The specification of speech to be produced in this manner has a
disadvantage in that the natural intonation contour of the original spoken
input is destroyed. Therefore, the intonation contour of the reproduced
speech is wholly artificial. This results in an artificial intonation
contour which may be described as choppy or robot like. The provision of
such an intonation contour may not be disadvantageous in some applications
such as toys or games. However, it is considered advantageous in most
applications to provide an approximation of the original intonation
contour. The present invention is concerned with techniques for encoding
the natural intonation contour for transmission with the phonological
linguistic unit indicia in order to specify a more natural-sounding
speech.
In the preferred embodiment of the present invention, the speech is
produced via linear predictive coding by a single integrated chip
designated TMS5220A manufactured by Texas Instruments Incorporated. In
linear predictive coding speech synthesis a mathematical model of the
human vocal tract, is produced and individual features of the model vocal
tract are controlled by changing data called reflection coefficients. This
causes the mathematical model to change in analogy to the change in the
human vocal tract corresponding to movement of the lips, tongue, teeth and
throat. The TMS5220A integrated circuit speech synthesis device allows
independent control of speech pitch via control of the pitch period of an
excitation function. In addition, the TMS5220A speech synthesis device
permits independent control of speech duration by control of the amount of
time assigned for each data frame of speech produced. By independent
control of both the pitch and duration of the produced speech, a much more
natural intonation contour may be produced.
FIG. 1 illustrates the encoding apparatus 100 necessary for generating
speech parameter data corresponding to spoken or written text input in
accordance with the present invention. The output of the encoding
apparatus 100 includes a string of indicia corresponding to the
phonological linguistic units of the input, a string of pitch pattern
indicia selected from a pitch pattern library corresponding to the pitch
of the received input and a string of duration pattern indicia selected
from among a set of duration patterns within a duration pattern library
corresponding to a particular syllable type.
Encoding apparatus 100 includes two alternate input paths, the first via
microphone 101 for receiving spoken speech and the second via text input
114 for receiving inputs corresponding to printed text. The speech input
channel through microphone 101 will be first described. Microphone 101
receives spoken input and converts this into a varying electrical signal.
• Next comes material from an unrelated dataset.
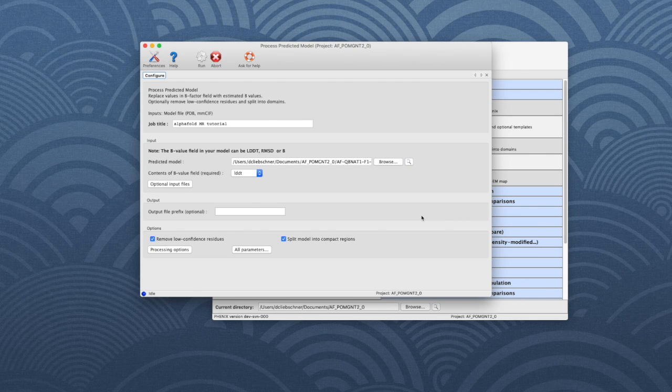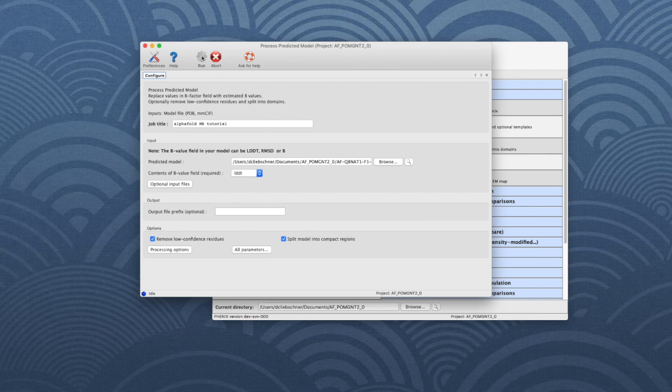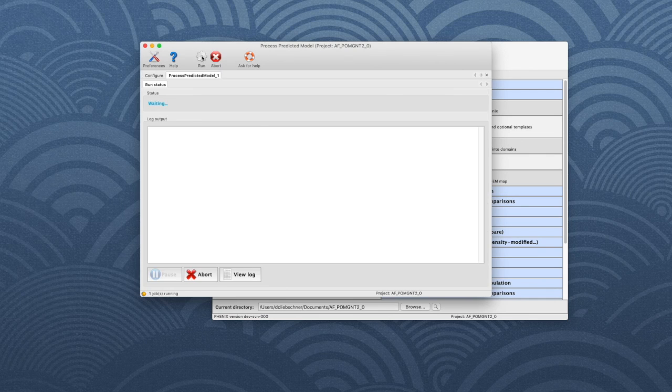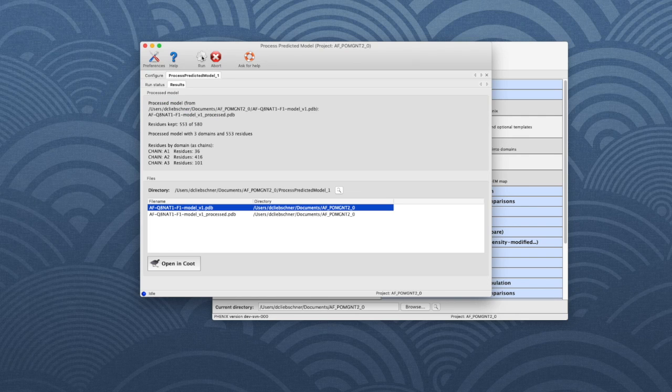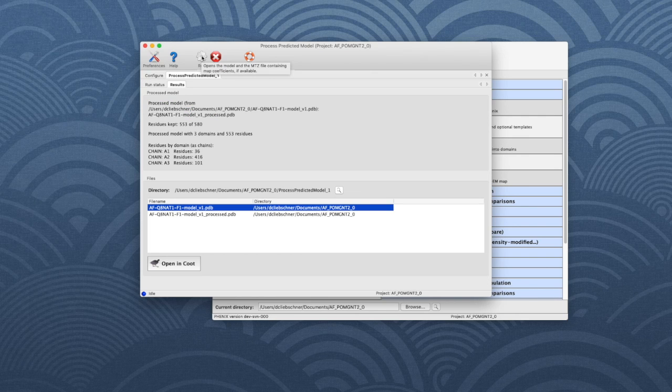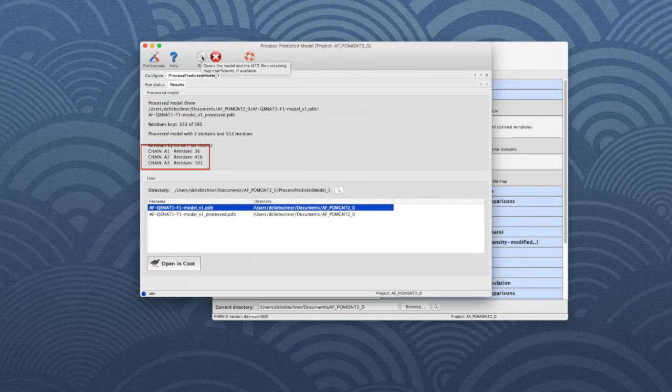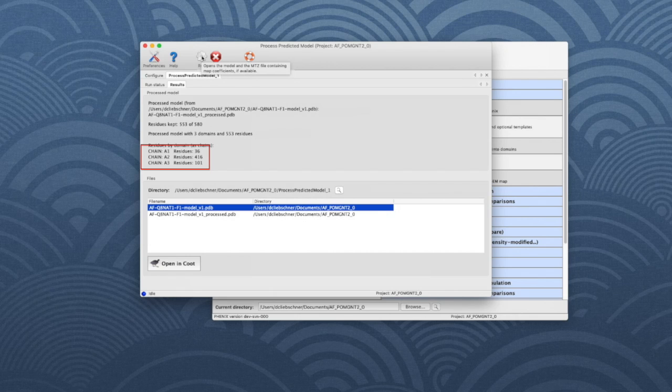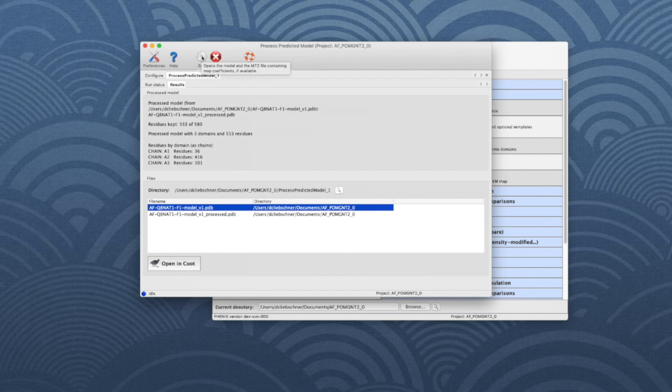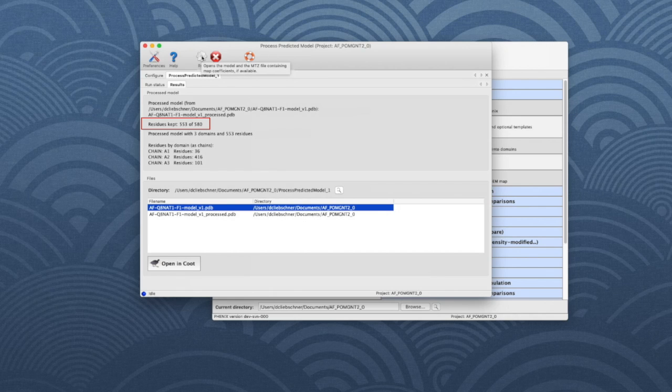We leave all other parameters at their defaults, then click Run to start the program. Once finished, the program has separated the AlphaFold model into three chains: A1, A2, and A3. We will ignore chain A1, the long helical domain, as it corresponds to a membrane anchor helix that was left out of the soluble construct made for crystallization. Note that the program also purged some low-confidence residues from the model and indicates the number of residues in each domain.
This varying electrical signal is applied to analog to digital converter
102. In accordance with known principles, analog to digital converter 102
converts the time varying electrical signal generated by a microphone 101
into a set of digital codes indicative of the amplitude of the signal at
sampled times. This set of sampled digital code values is applied to LPC
analyzer 103. LPC analyzer 103 takes the digital data from analog to
digital converter 102 and converts it into linear predictive coding
parameters for speech synthesis. LPC analyzer 103 generates an indication
of energy, pitch and reflection coefficients for successive time samples
of the input data. This set of energy, pitch and reflection coefficient
parameters could be employed directly for speech synthesis by the
aforementioned TMS5220A speech synthesis device. However, in accordance
with the principles of the present invention, these speech parameters are
subjected to further analysis in order to reduce the amount of data
necessary to specify a particular portion of speech. The present invention
operates in accordance with the principals set forth in U.S. Pat. No.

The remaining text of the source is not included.